▸ Brief
Write out, please, the lines from the beginning of the material to the line with "Red fabric and black leather bag Dior", including both ends and nothing else.

▸ Supplied entries

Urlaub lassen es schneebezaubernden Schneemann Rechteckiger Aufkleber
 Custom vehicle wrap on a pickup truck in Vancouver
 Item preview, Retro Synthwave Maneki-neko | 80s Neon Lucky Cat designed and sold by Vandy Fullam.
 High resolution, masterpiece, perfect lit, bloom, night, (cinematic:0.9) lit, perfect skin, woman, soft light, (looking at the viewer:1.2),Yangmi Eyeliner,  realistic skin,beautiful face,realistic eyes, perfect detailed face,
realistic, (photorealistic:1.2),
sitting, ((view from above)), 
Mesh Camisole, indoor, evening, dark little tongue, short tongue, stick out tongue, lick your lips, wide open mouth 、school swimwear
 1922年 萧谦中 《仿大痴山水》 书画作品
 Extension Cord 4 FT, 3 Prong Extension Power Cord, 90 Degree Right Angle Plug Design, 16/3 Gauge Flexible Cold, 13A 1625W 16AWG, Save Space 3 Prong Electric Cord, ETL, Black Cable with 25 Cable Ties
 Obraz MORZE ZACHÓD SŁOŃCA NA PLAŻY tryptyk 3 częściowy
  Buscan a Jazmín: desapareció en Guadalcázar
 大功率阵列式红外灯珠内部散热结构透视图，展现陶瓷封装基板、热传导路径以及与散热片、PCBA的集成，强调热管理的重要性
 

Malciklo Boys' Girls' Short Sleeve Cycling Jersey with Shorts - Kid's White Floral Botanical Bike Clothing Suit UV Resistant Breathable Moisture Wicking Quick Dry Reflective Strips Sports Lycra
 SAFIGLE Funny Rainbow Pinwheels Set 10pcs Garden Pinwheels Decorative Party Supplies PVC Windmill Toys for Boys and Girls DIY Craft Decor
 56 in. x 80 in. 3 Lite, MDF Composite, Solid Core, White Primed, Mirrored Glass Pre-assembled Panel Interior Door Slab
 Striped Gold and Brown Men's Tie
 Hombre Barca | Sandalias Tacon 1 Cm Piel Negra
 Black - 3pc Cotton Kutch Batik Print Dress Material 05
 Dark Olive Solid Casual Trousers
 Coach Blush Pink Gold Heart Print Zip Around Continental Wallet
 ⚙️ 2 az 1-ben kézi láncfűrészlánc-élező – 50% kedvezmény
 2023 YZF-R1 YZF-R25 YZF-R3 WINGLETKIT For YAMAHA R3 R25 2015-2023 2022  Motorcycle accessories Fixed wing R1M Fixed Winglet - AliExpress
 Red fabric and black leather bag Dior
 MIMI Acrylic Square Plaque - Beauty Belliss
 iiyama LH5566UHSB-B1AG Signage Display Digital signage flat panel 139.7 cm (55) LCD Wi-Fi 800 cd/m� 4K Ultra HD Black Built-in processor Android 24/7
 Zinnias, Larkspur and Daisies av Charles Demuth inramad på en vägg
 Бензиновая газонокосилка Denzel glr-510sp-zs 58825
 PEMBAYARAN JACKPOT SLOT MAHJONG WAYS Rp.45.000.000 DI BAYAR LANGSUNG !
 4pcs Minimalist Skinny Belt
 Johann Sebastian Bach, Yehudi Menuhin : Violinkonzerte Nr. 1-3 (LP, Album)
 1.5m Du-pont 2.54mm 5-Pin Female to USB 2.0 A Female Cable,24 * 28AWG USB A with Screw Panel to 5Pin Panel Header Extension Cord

▸ Solved problem
Urlaub lassen es schneebezaubernden Schneemann Rechteckiger Aufkleber
 Custom vehicle wrap on a pickup truck in Vancouver
 Item preview, Retro Synthwave Maneki-neko | 80s Neon Lucky Cat designed and sold by Vandy Fullam.
 High resolution, masterpiece, perfect lit, bloom, night, (cinematic:0.9) lit, perfect skin, woman, soft light, (looking at the viewer:1.2),Yangmi Eyeliner,  realistic skin,beautiful face,realistic eyes, perfect detailed face,
realistic, (photorealistic:1.2),
sitting, ((view from above)), 
Mesh Camisole, indoor, evening, dark little tongue, short tongue, stick out tongue, lick your lips, wide open mouth 、school swimwear
 1922年 萧谦中 《仿大痴山水》 书画作品
 Extension Cord 4 FT, 3 Prong Extension Power Cord, 90 Degree Right Angle Plug Design, 16/3 Gauge Flexible Cold, 13A 1625W 16AWG, Save Space 3 Prong Electric Cord, ETL, Black Cable with 25 Cable Ties
 Obraz MORZE ZACHÓD SŁOŃCA NA PLAŻY tryptyk 3 częściowy
  Buscan a Jazmín: desapareció en Guadalcázar
 大功率阵列式红外灯珠内部散热结构透视图，展现陶瓷封装基板、热传导路径以及与散热片、PCBA的集成，强调热管理的重要性
 

Malciklo Boys' Girls' Short Sleeve Cycling Jersey with Shorts - Kid's White Floral Botanical Bike Clothing Suit UV Resistant Breathable Moisture Wicking Quick Dry Reflective Strips Sports Lycra
 SAFIGLE Funny Rainbow Pinwheels Set 10pcs Garden Pinwheels Decorative Party Supplies PVC Windmill Toys for Boys and Girls DIY Craft Decor
 56 in. x 80 in. 3 Lite, MDF Composite, Solid Core, White Primed, Mirrored Glass Pre-assembled Panel Interior Door Slab
 Striped Gold and Brown Men's Tie
 Hombre Barca | Sandalias Tacon 1 Cm Piel Negra
 Black - 3pc Cotton Kutch Batik Print Dress Material 05
 Dark Olive Solid Casual Trousers
 Coach Blush Pink Gold Heart Print Zip Around Continental Wallet
 ⚙️ 2 az 1-ben kézi láncfűrészlánc-élező – 50% kedvezmény
 2023 YZF-R1 YZF-R25 YZF-R3 WINGLETKIT For YAMAHA R3 R25 2015-2023 2022  Motorcycle accessories Fixed wing R1M Fixed Winglet - AliExpress
 Red fabric and black leather bag Dior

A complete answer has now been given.